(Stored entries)
========================================

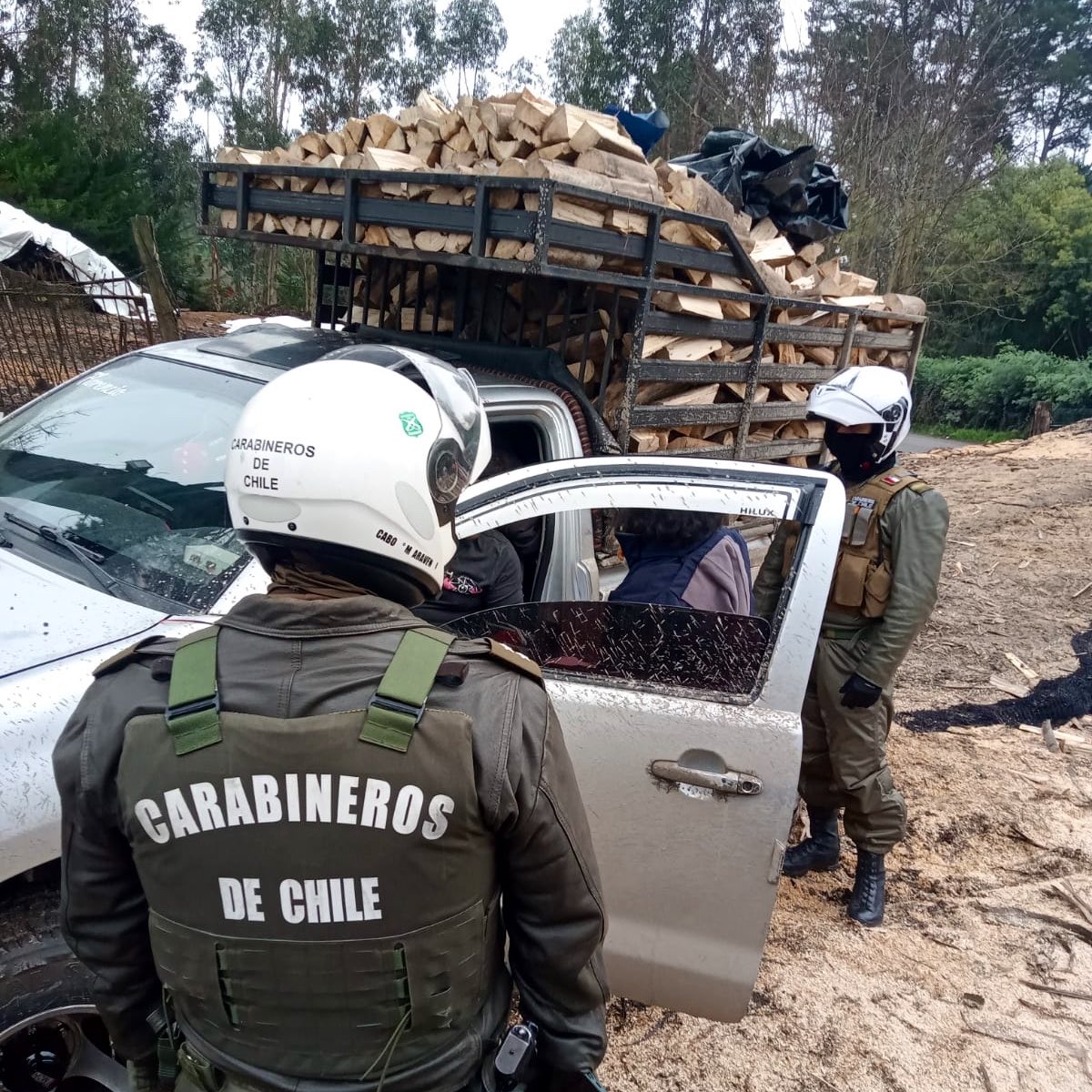 CONAFBiobio's tweet photo. Fiscalizadores de #Conaf, junto a personal de #OS5 de @CarabBioBio, inspeccionaron un centro de acopio de leña 🪵 en la comuna de #Hualqui.
La fiscalización permitió constatar el origen legal de la madera y verificar el cumplimiento de la normativa vigente. https://t.co/PHHnhIs5sM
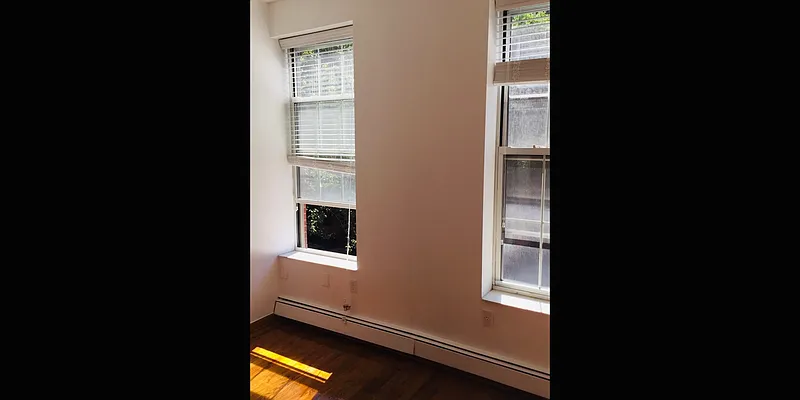 Rented by Bank Neary | media 45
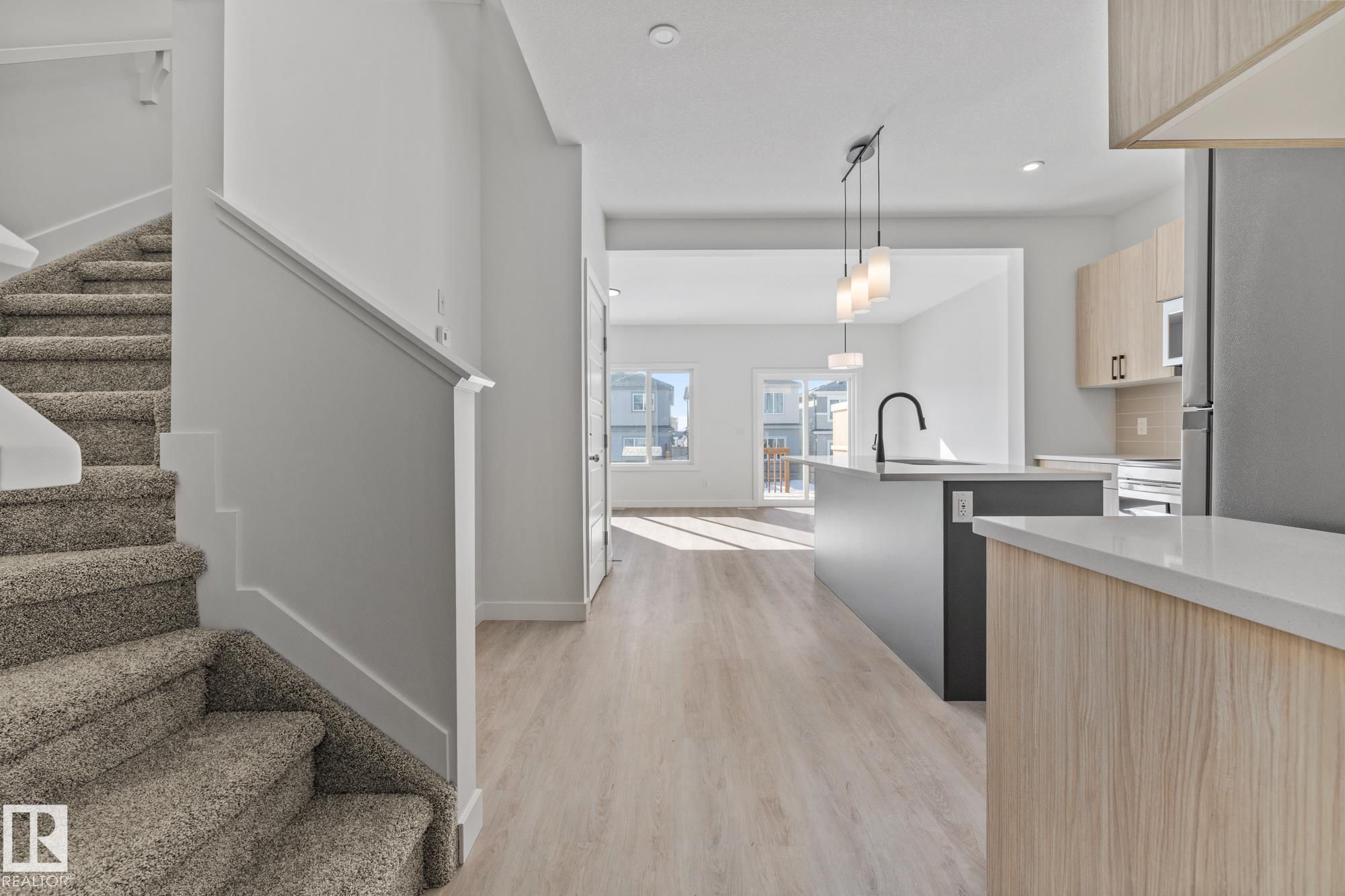 112 Honeysuckle Green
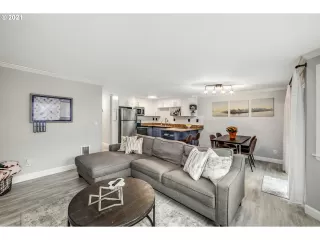 Photo #6: 21297682 Listing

========================================

Output the entries exactly and keep every picture out of them.

 CONAFBiobio's tweet photo. Fiscalizadores de #Conaf, junto a personal de #OS5 de @CarabBioBio, inspeccionaron un centro de acopio de leña 🪵 en la comuna de #Hualqui.
La fiscalización permitió constatar el origen legal de la madera y verificar el cumplimiento de la normativa vigente. https://t.co/PHHnhIs5sM
 Rented by Bank Neary | media 45
 112 Honeysuckle Green
 Photo #6: 21297682 Listing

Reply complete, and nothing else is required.